Stored data:
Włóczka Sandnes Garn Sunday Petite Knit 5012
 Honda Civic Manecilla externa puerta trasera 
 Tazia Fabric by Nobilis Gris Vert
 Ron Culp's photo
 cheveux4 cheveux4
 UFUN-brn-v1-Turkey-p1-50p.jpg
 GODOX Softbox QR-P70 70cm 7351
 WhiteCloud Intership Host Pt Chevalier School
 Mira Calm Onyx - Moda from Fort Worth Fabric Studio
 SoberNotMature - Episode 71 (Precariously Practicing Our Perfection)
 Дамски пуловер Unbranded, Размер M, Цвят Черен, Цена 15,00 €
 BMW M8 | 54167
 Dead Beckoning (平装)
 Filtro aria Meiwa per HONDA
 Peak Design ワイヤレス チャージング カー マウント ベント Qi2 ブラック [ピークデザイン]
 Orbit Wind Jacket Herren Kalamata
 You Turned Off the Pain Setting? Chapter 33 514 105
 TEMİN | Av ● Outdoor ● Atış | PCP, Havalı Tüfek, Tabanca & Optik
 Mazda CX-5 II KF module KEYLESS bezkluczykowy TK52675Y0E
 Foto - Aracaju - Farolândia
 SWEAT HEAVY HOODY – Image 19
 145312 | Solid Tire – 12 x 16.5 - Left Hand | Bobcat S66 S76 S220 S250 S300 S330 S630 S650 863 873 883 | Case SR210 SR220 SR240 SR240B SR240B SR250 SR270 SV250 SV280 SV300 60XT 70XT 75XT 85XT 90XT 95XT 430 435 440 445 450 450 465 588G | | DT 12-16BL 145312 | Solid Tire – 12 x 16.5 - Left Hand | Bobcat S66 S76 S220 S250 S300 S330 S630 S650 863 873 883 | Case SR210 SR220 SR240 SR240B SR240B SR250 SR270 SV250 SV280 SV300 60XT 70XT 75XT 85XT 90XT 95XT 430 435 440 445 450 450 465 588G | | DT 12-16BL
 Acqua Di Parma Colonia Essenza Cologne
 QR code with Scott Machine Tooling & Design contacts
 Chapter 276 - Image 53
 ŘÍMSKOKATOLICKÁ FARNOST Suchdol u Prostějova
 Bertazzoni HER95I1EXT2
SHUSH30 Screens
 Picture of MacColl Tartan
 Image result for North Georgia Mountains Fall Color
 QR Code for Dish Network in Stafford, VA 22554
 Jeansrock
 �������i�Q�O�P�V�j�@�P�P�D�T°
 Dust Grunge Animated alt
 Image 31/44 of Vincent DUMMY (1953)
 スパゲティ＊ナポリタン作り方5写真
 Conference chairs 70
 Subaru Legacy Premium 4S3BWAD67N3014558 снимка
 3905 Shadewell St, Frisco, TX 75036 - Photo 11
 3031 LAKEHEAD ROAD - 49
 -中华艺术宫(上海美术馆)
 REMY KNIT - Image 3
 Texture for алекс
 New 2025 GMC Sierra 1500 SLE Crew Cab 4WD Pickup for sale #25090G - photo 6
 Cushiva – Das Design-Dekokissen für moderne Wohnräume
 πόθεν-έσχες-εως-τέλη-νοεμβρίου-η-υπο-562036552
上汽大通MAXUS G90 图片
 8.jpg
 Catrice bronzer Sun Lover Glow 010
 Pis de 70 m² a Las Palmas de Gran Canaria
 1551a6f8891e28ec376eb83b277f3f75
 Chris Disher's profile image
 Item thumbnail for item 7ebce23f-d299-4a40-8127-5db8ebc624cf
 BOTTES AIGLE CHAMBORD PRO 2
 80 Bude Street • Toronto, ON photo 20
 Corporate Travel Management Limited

▶ _Goal of the exercise_: Verbatim output is expected for the lines from the start of the data to the line in which "Mira Calm Onyx" appears, both included.

▶ _Written solution_:
Włóczka Sandnes Garn Sunday Petite Knit 5012
 Honda Civic Manecilla externa puerta trasera 
 Tazia Fabric by Nobilis Gris Vert
 Ron Culp's photo
 cheveux4 cheveux4
 UFUN-brn-v1-Turkey-p1-50p.jpg
 GODOX Softbox QR-P70 70cm 7351
 WhiteCloud Intership Host Pt Chevalier School
 Mira Calm Onyx - Moda from Fort Worth Fabric Studio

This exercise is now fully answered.